29RABbe isyan etmek, bugün RABbi izlemekten vazgeçmek, yakmalık sunu, tahıl sunusu ya da kurban sunmak için Tanrımız RABbin sunağından, tapınağının önündeki sunaktan başka bir sunak yapmak bizden uzak olsun.››
29Jäägu meist kaugele, et mässaksime Issanda vastu ja taganeksime nüüd Issanda järelt, ehitades altari põletusohvri, roaohvri ja tapaohvri jaoks lisaks Issanda, meie Jumala altarile, mis on tema elamu ees!'
30Kâhin Pinehas ve onunla birlikte olan topluluk önderleri, yani İsrailin boy başları, Rubenlilerle Gadlıların ve Manaşşelilerin söylediklerini duyunca hoşnut kaldılar.
30Kui preester Piinehas ja koguduse vürstid ja Iisraeli tuhandete peamehed, kes olid koos temaga, kuulsid sõnu, mis ruubenlased, gaadlased ja manasselased rääkisid, siis oli see hea nende silmis.
31Bunun üzerine Kâhin Elazarın oğlu Pinehas, Rubenlilerle Gadlılara ve Manaşşelilere, ‹‹Şimdi RABbin aramızda olduğunu biliyoruz›› dedi, ‹‹Çünkü Ona ihanet etmediniz. Böylece İsraillileri Onun elinden kurtardınız.››
31Ja preester Eleasari poeg Piinehas ütles ruubenlastele, gaadlastele ja manasselastele: 'Nüüd me teame, et Issand on meie keskel! Et te seda jumalavallatust ei ole teinud Issanda vastu, siis te olete päästnud Iisraeli lapsed Issanda käest.'
32Kâhin Elazarın oğlu Pinehas ve önderler, Rubenlilerle Gadlıların bulunduğu Gilat topraklarından Kenan topraklarına, İsraillilerin yanına dönüp olan biteni anlattılar.
32Ja preester Eleasari poeg Piinehas ja vürstid läksid tagasi ruubenlaste ja gaadlaste juurest Gileadimaalt Kaananimaale Iisraeli laste juurde ning tõid neile sõna.
33Anlatılanlardan hoşnut kalan İsrailliler Tanrıya övgüler sundular.
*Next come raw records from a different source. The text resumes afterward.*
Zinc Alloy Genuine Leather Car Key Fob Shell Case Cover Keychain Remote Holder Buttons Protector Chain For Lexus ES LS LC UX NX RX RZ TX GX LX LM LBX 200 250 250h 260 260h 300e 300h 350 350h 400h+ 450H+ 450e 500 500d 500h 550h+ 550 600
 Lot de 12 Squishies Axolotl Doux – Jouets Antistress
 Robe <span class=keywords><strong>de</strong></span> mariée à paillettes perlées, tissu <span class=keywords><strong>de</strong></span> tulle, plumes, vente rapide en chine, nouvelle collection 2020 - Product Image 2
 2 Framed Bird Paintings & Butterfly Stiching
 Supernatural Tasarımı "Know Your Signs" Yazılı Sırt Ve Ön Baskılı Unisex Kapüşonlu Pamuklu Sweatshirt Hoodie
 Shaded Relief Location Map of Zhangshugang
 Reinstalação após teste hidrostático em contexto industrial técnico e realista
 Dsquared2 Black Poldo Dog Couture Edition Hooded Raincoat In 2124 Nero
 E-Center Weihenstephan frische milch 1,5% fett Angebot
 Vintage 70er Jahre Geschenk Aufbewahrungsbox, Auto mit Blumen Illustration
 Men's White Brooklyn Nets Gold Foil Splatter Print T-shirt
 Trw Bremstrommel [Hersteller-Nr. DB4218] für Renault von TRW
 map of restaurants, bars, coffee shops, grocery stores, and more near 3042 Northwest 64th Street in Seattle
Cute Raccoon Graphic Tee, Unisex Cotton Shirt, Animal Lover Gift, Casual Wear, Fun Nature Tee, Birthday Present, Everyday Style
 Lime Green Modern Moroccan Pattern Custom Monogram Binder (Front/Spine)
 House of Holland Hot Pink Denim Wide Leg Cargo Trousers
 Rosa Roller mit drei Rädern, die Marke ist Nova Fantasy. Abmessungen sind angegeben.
Rubenlilerle Gadlıların yaşadıkları toprakların üzerine yürüyüp savaşmaktan ve orayı yakıp yıkmaktan bir daha söz etmediler.
33Ja see sõna oli hea Iisraeli laste silmis ja Iisraeli lapsed kiitsid Jumalat ega mõelnud enam nende vastu sõttaminekule, et hävitada maad, kus elasid ruubenlased ja gaadlased.
34Rubenliler'le Gadlılar, ‹‹Bu sunak RAB'bin Tanrı olduğuna sizinle bizim aramızda tanıktır›› diyerek sunağa ‹‹Tanık›› adını verdiler.
34Ja ruubenlased ja gaadlased andsid altarile nimeks 'See on tunnistaja meie vahel, et Issand on Jumal'.